La continuità tra l’io narrante dell’Abusivo e quello che governa il racconto in altri suoi libri come Quando vi ucciderete, maestro? o Gladiatori o Cronaca della fine si gioca su altri piani, e in particolare sul tipo di relazione che sussiste tra l’io narrante e gli esseri umani che costituiscono il soggetto dei suoi racconti. ‘Invidia’, per definire questa relazione, sarebbe troppo: non c’è niente da invidiare nel destino di un morto ammazzato, o di un pugile suonato, o di un anziano scrittore filo-nazista; ma, se non davvero invidia, ammirazione, stupore per una partecipazione alla vita più piena di quella che l’io narrante riesce ad esperire: lui giornalista mancato, lottatore amatoriale, ma più di tutto letterato che “rispetto alla scena del mondo, sta meglio dietro che davanti”. Non è una postura originale, naturalmente: non c’è niente di più ovvio dell’intellettuale che contempla amaro la vita, la vitalità degli altri, cercando magari di imitarla senza smettere di contemplarsi, di – pirandellianamente – sentirsi vivere.
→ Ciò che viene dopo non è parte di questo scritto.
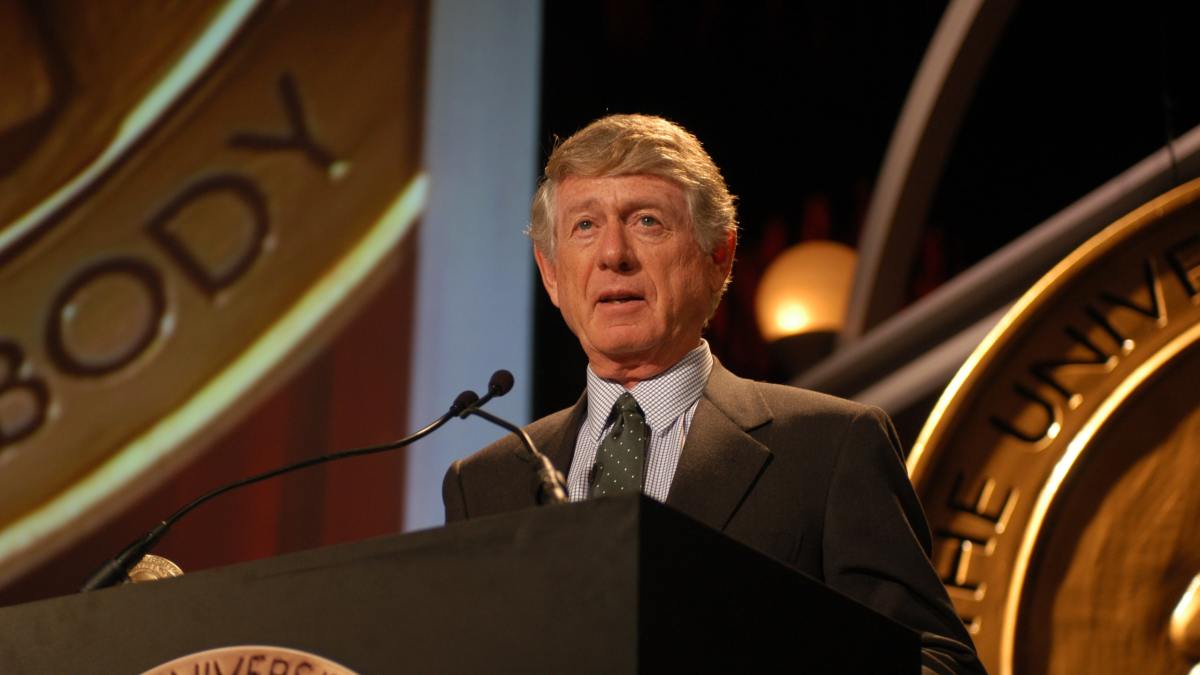 Ted Koppel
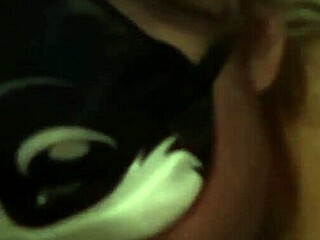 Hardcore Russian fuck with blonde teen and huge cumshot.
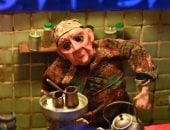 كابتن شديد أول بطل خارق بطابع مصرى خالص.. على منصة MBC شاهد 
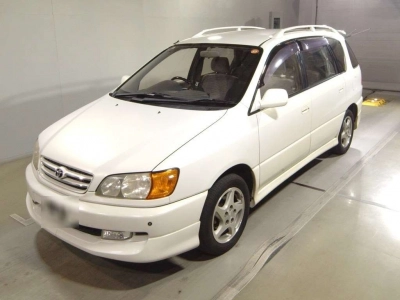 TOYOTA IPSUM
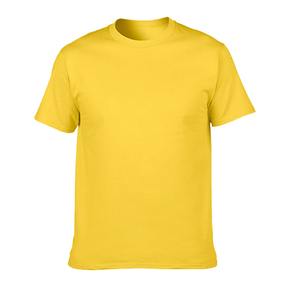 T-shirt personnalisé à manches courtes pour homme, design personnalisé, votre propre marque, 100% coton, séchage rapide, polo de golf pour homme - Product Image 3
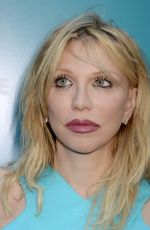 COURTNEY LOVE at 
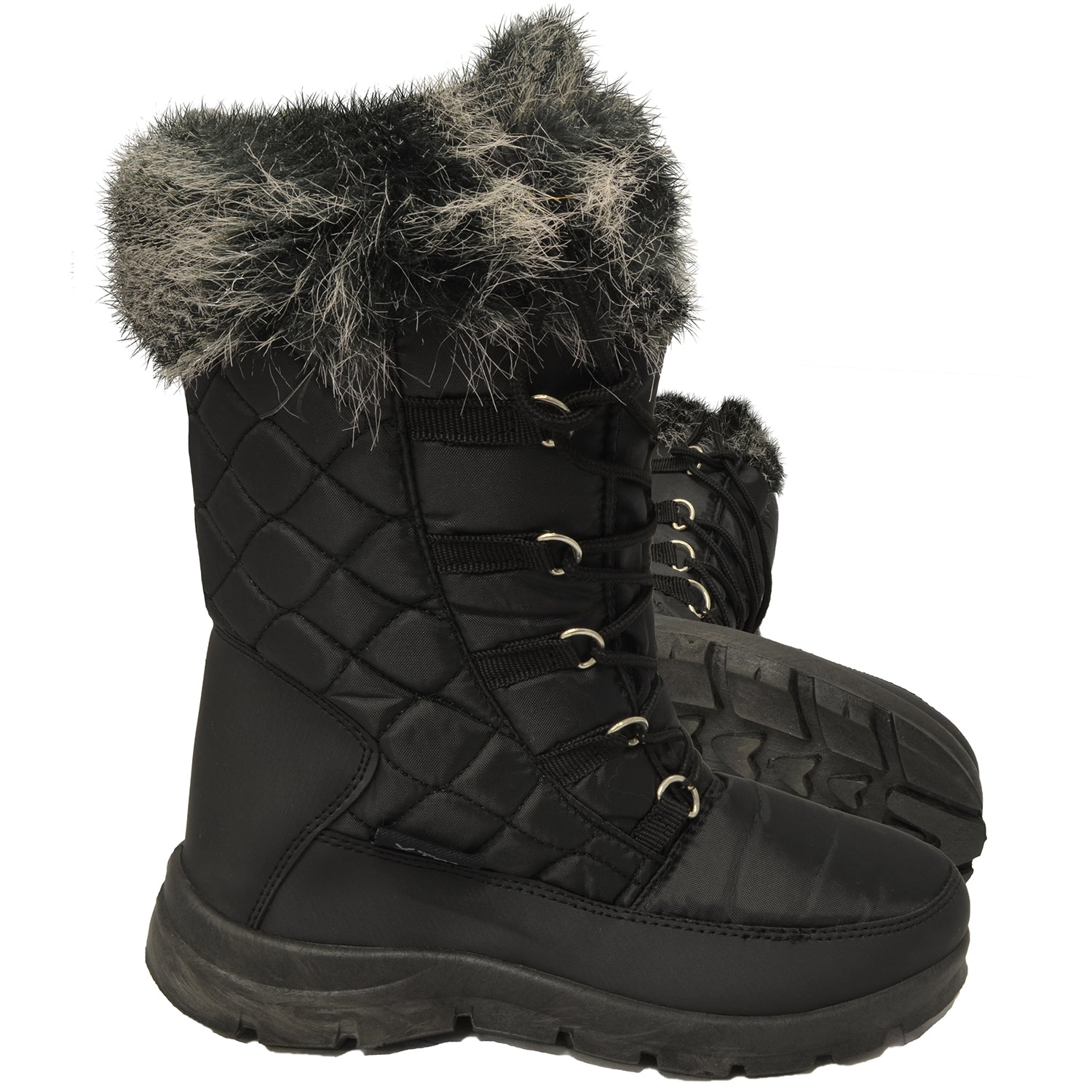 XTM Inessa Apre Boot 2016 Black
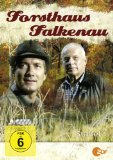 DVD - Forsthaus Falkenau - Staffel 2 (Jumbo Amaray - 4 DVDs)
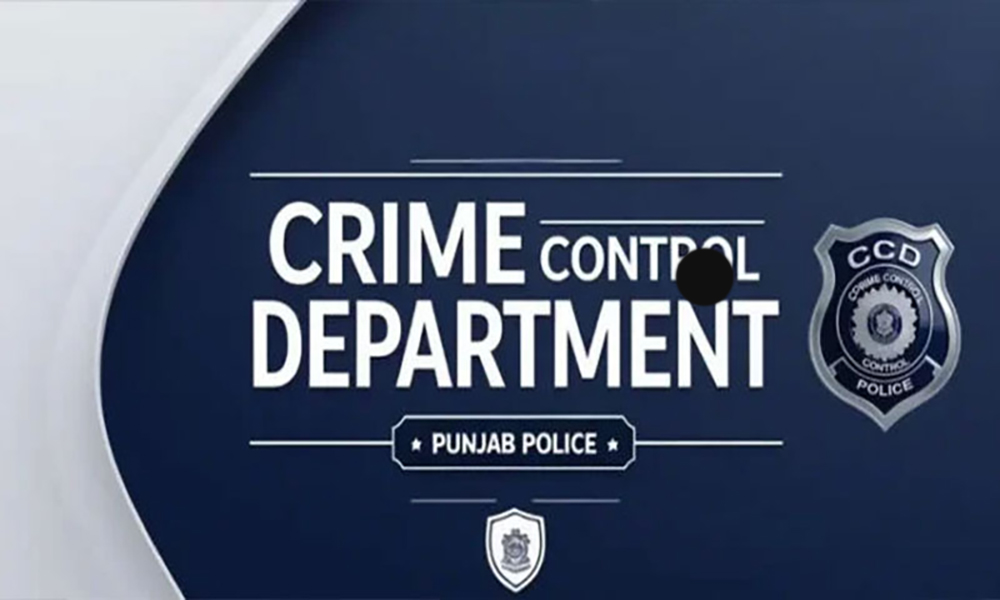 چکوال میں آسٹریلوی بچی کی ہلاکت، سی سی ڈی کانسٹیبل ذمہ دار قرار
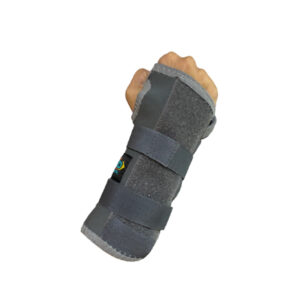 Muñequera de Neopreno Rehab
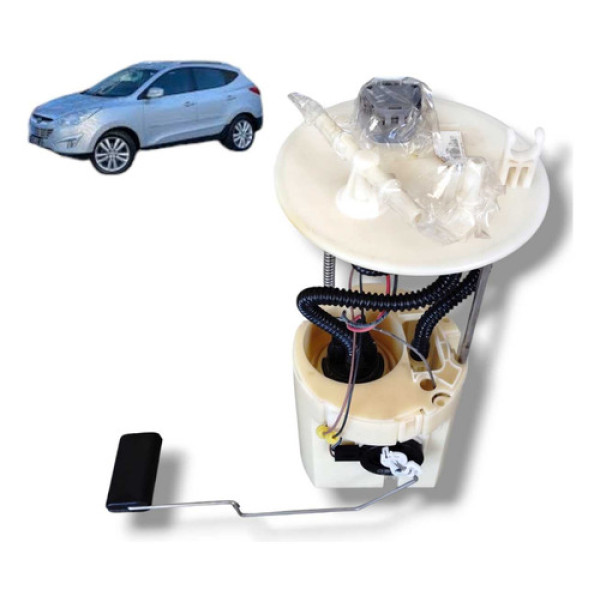 Bomba Combustível Hyundai Ix35 2015 Original 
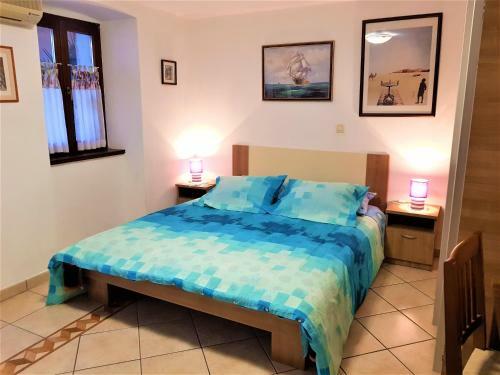 Apartment Noemi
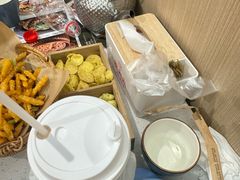 -炆火火·藕汤·湖北煨菜馆(销品茂店)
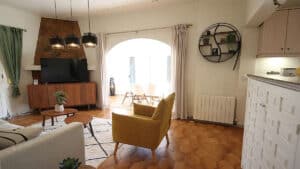 Foto van Villa in Orba – afbeelding 6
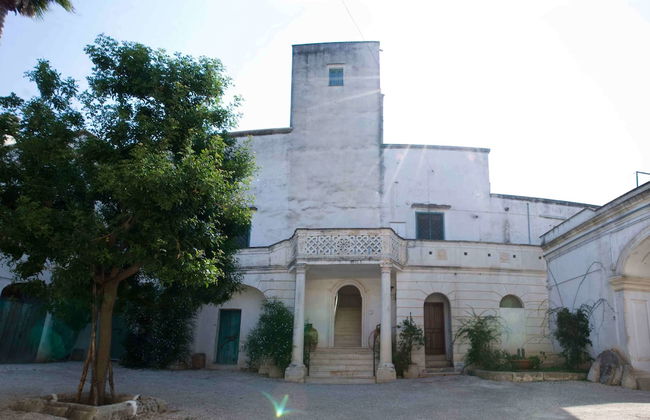 Azienda Agricola Francesca Stajano - Foto 73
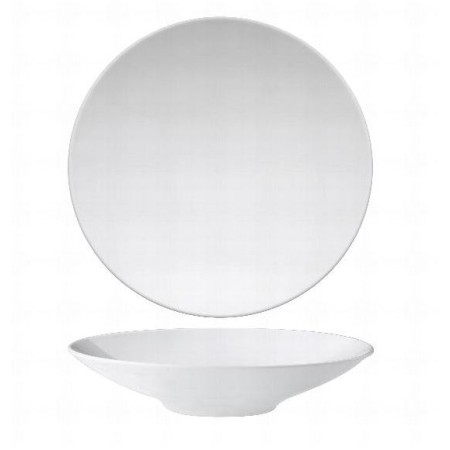 Piatto fondo cm 26,4 Coup Essential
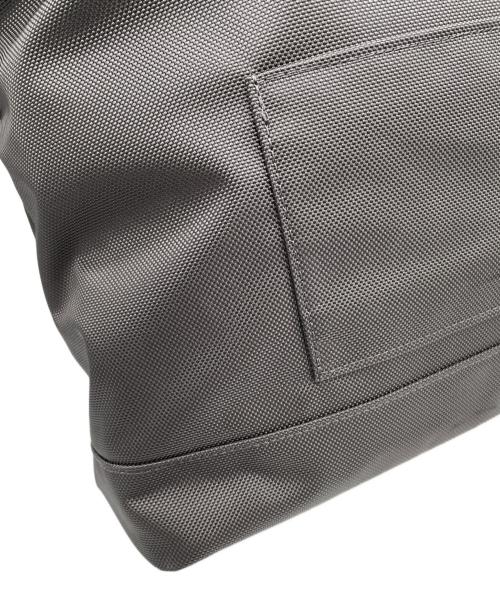 TUMI（トゥミ）TUMI (トゥミ) コンパニオントートバッグ グレーの古着・服飾アイテム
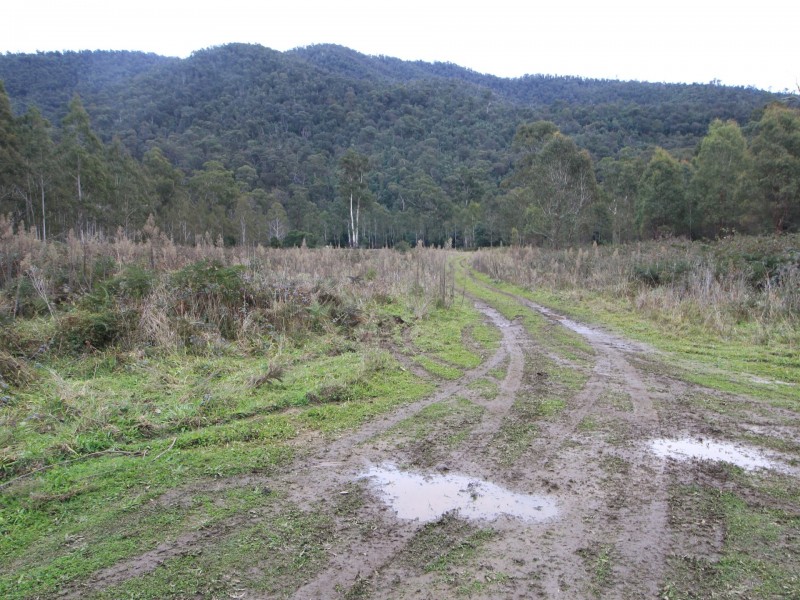 CA2 Upper Dargo Road, Dargo VIC 3862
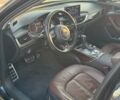 Синий Ауди А6, объемом двигателя 3 л и пробегом 204 тыс. км за 17900 $, фото 46 на Automoto.ua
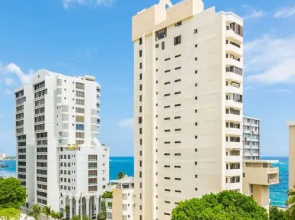 AC Hotel San Juan Condado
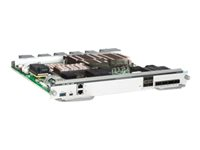 Cisco Catalyst 9400 Series Supervisor Module - Kontrollprocessor - 40GbE, 100GbE - insticksmodul - för P/N: C9404R-RF, C9404R-WS, C9407R-10A, C9407R-96UBNDLA-RF, C9410R-96UBNDLA-RF, C9410R-WS C9400X-SUP-2=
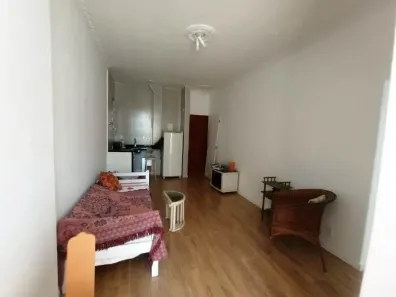 Apartamento com 1 Quarto à venda, 43m² no Botafogo, Rio de Janeiro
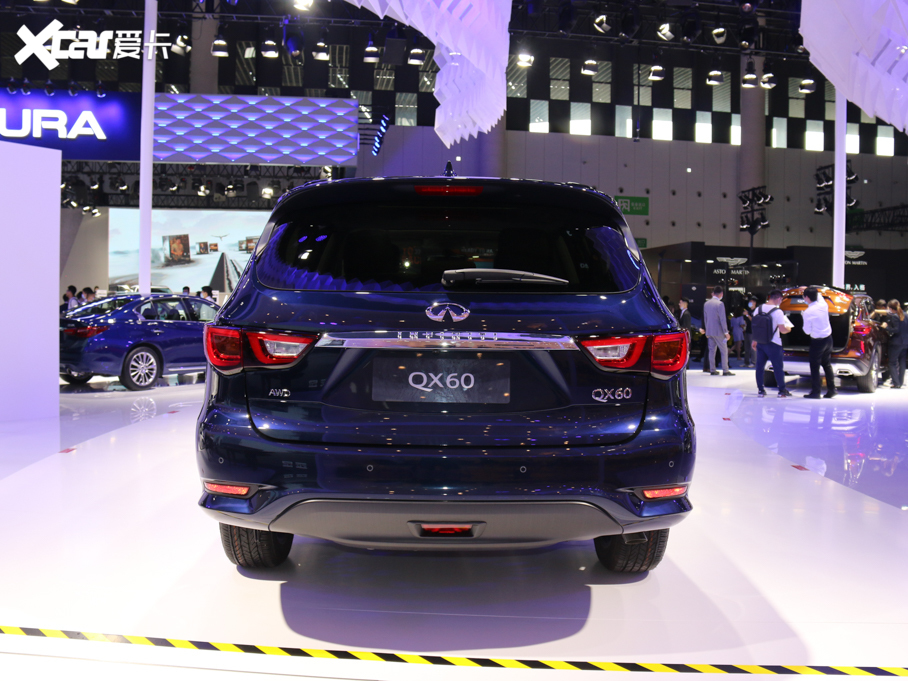 2020ӢQX60(M) 
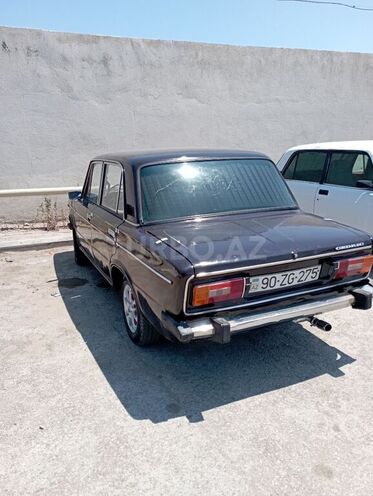 LADA (VAZ) 2106 1989, 250,000 km - 1.6 l - Bakı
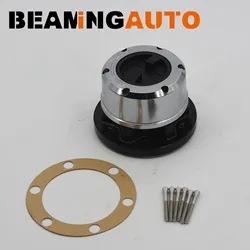 1 Piece x For NISSAN Patrol 4x4 PU 90-up TATA Sumo All D Maverick Manual Free Wheel Locking Hubs B021 AVM445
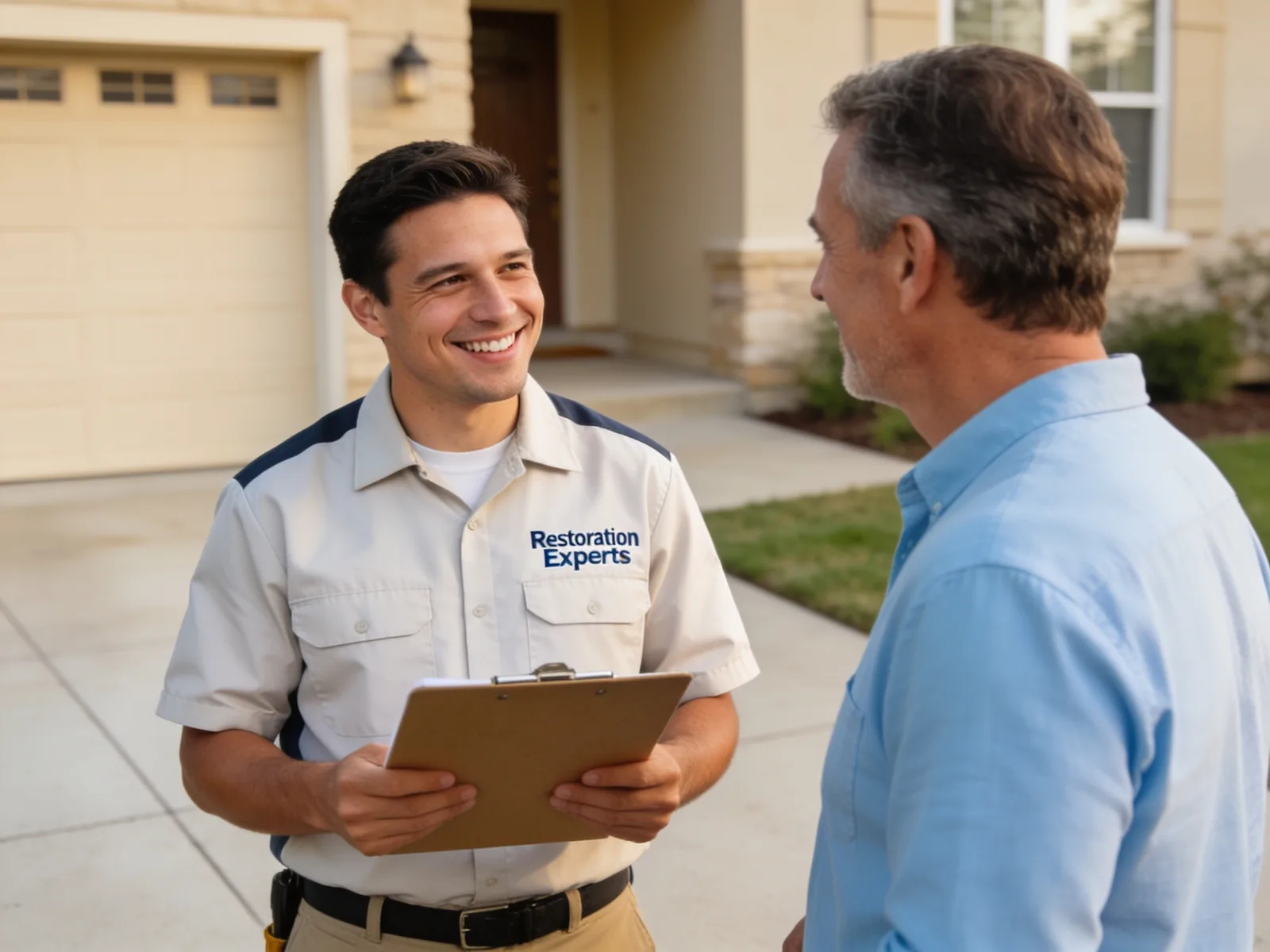 Water Damage Cleanup Derby, KS FAQs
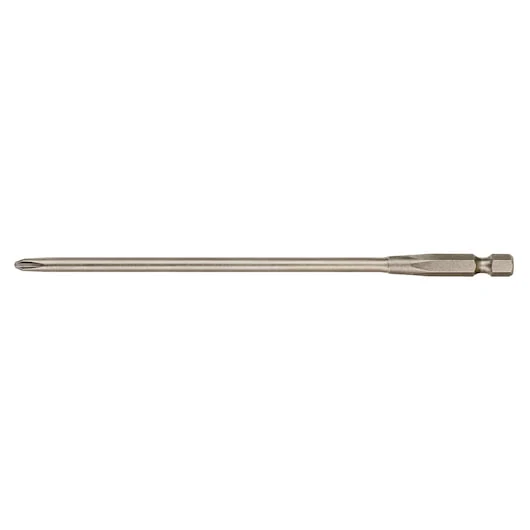 Dewalt SCREWDRIVER BIT DRYWALL PR2 153MM 1PC FITS DCF6201 - DT7205-QZ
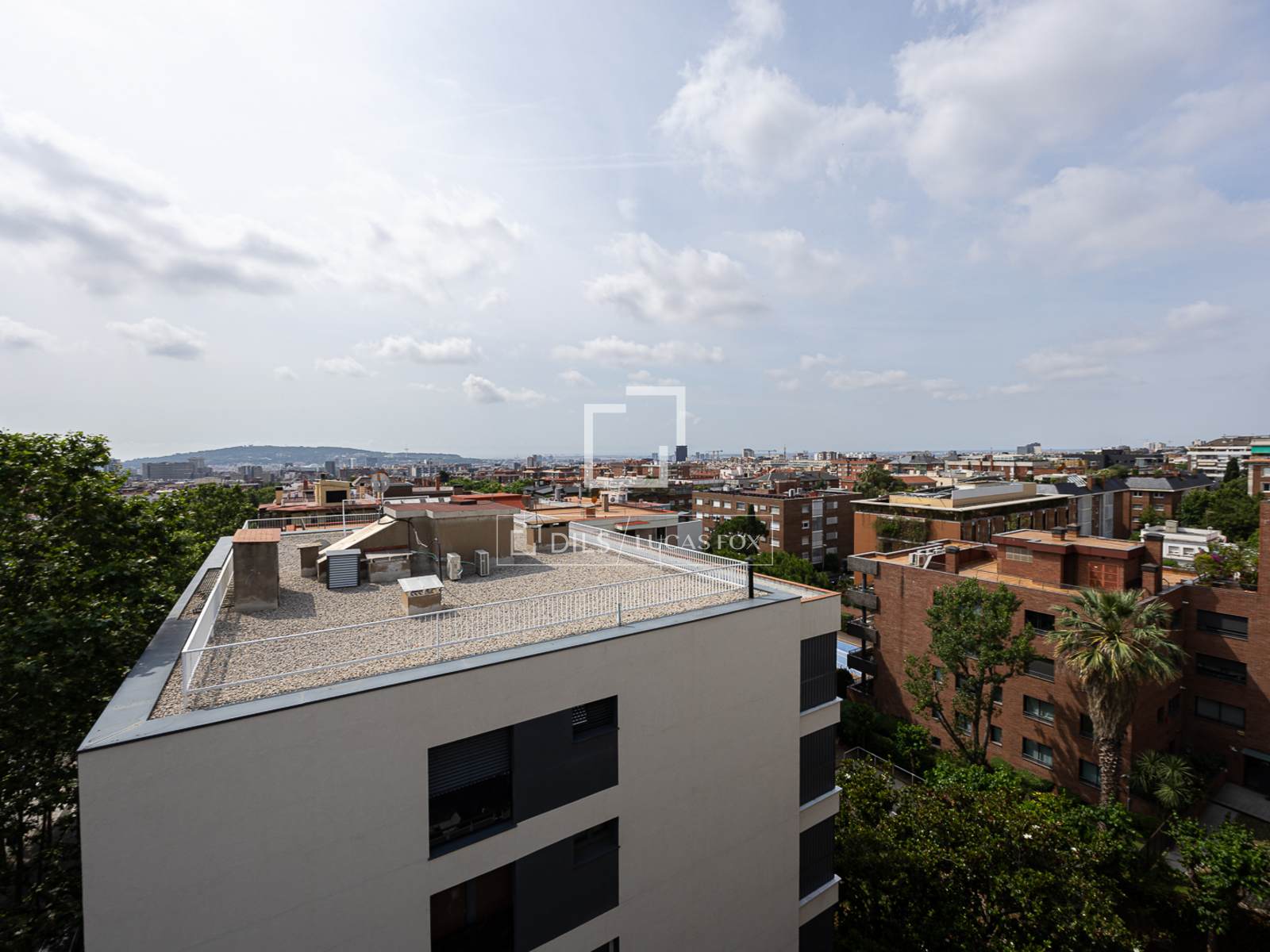 Apartment in Barcelona, Spain 4 bedrooms, 206 sq.m. No. 168916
Tuttavia, in Franchini questa seduzione sembra associarsi a un’analoga, simmetrica attrazione per la morte, per il modo in cui si patisce o si affronta il morire. Molte pagine si potrebbero citare, anche prese dall’ultimo libro o dal penultimo, il reportage dall’India Signore delle lacrime, che brulica di morti. Ma in Quando vi ucciderete, maestro?, uscito cinque anni prima dell’Abusivo, c’è una pagina che è come la sinopia di quella che ho citato sopra, sul senso di colpa del sopravvissuto. Stavolta questo senso di colpa l’io narrante non lo prova nei confronti di un coetaneo morto bensì nei confronti di uno zio dal quale ha ereditato il nome di battesimo, che è partito volontario per la Seconda guerra mondiale ed è morto al fronte; ma la divinità capricciosa e inesorabile che governa i destini, uccidendo alcuni, altri salvandoli, senza ragione, è sempre la Moira ovvero, modernamente, il Caso: “… un Antonio Franchini esce dal salotto in penombra e viene squarciato da una granata, l’altro ormai ha passato da molti anni l’età in cui il predecessore morì, ha il tempo di confrontare la sua faccia che si sta segnando con l’autoritratto in cui l’avo consegnò alla più lunga vita delle tele l’immagine della sua triste gioventù, e a me è rimasto tutto il tempo di chiedermi dov’è la differenza se non nel caso. Siamo uomini così simili, è mai possibile che i tempi siano stati poi tanto diversi e che i nomi ‘guerra’ e ‘pace’ designino solo i fortuiti travestimenti della stessa illusoria vicenda?”.